*Work instruction*
In this exercise, the entries below include pictures. Repeat exactly the lines from the line with "T-Shirt Mockup Berry" to the line with "Jetec 3 Pcs", including both, but without the pictures.

*Entries provided*
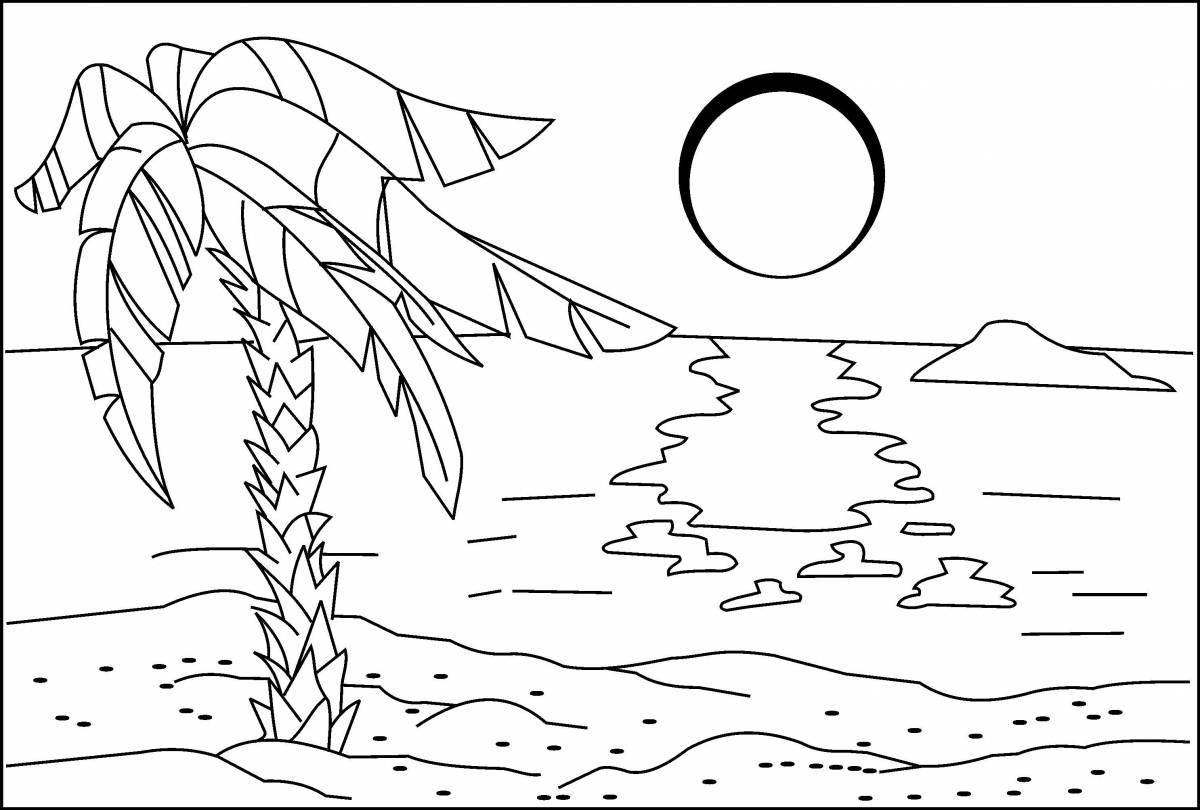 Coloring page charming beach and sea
--
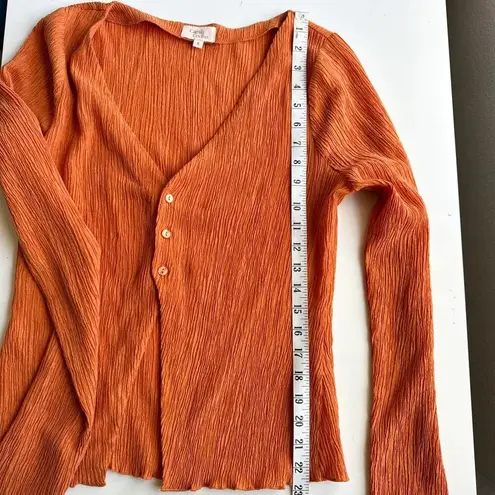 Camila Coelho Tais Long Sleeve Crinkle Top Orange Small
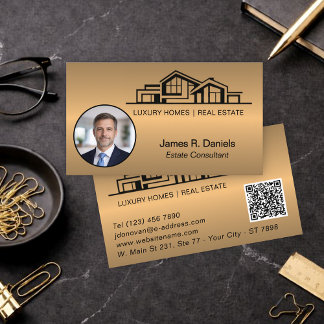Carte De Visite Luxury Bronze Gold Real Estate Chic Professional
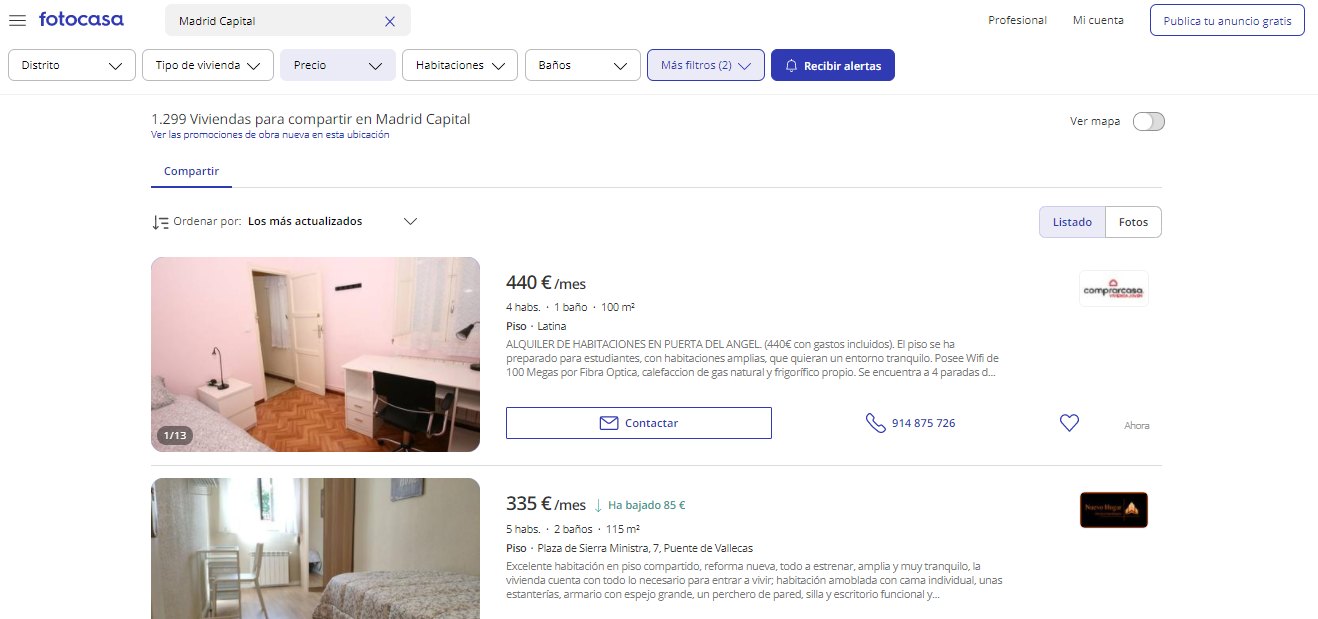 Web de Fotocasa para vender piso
==
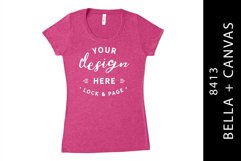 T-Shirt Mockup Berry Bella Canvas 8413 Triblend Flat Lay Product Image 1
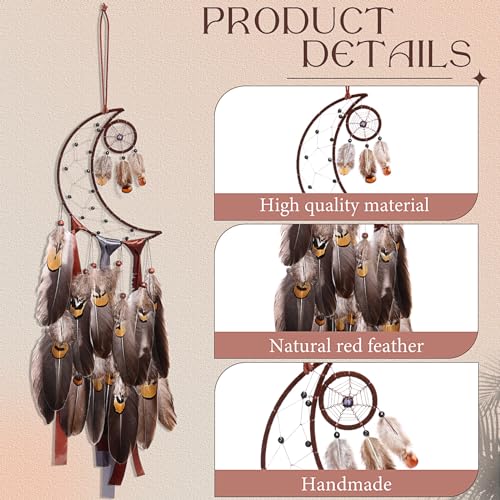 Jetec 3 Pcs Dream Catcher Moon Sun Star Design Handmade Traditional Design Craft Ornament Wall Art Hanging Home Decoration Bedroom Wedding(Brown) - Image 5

*Solution*
 T-Shirt Mockup Berry Bella Canvas 8413 Triblend Flat Lay Product Image 1
 Jetec 3 Pcs Dream Catcher Moon Sun Star Design Handmade Traditional Design Craft Ornament Wall Art Hanging Home Decoration Bedroom Wedding(Brown) - Image 5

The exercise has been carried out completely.